The goal of HPVM research project is to make heterogeneous systems easier to program.  A key aspect of our strategy is to develop a uniform parallel program representation for heterogeneous systems that can capture a wide range of popular parallel hardware, including GPUs, vector instruction sets, multicore CPUs, FPGAs, and domain-specific accelerators.  One question we must answer is: At what level of the hardware+software stack is it most effective to capture heterogeneous parallelism with a uniform interface?  The figure below illustrates the major choices (layers of the stack) and why we believe that the two best options are in a language-neutral compiler intermediate representation (IR) and in a virtual instruction set (ISA).
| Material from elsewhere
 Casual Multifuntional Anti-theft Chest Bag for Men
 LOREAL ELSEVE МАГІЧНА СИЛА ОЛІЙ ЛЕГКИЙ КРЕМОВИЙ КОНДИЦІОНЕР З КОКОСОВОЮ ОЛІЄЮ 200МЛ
The representation we have developed is called HPVM (Heterogeneous Parallel Virtual Machine): a hierarchical dataflow graph with shared memory and vector instructions. It supports three important capabilities for programming heterogeneous systems: a language-neutral and hardware-neutral compiler IR, a virtual ISA, and a basis for runtime scheduling; previous systems focus on only one of these capabilities. As a compiler IR, HPVM aims to enable effective code generation and optimization for heterogeneous systems. As a virtual ISA, it aims to achieve both functional portability and performance portability cross such systems. At runtime, HPVM enables flexible scheduling policies, both through the graph structure and the ability to compile individual nodes in a program to any of the target devices on a system. We have implemented a prototype system, with a compiler IR supporting optimizations directly on the graph IR; a virtual ISA that can be used to ship executable programs; code generators that translate HPVM program nodes to nVidia GPUs, Intel’s AVX vector units, and to multicore X86 processors. Experimental results show that HPVM optimizations achieve significant performance improvements, HPVM translators achieve performance competitive with manually developed OpenCL code for both GPUs and vector hardware, and that runtime scheduling policies can make use of both program and runtime information to exploit the flexible compilation capabilities.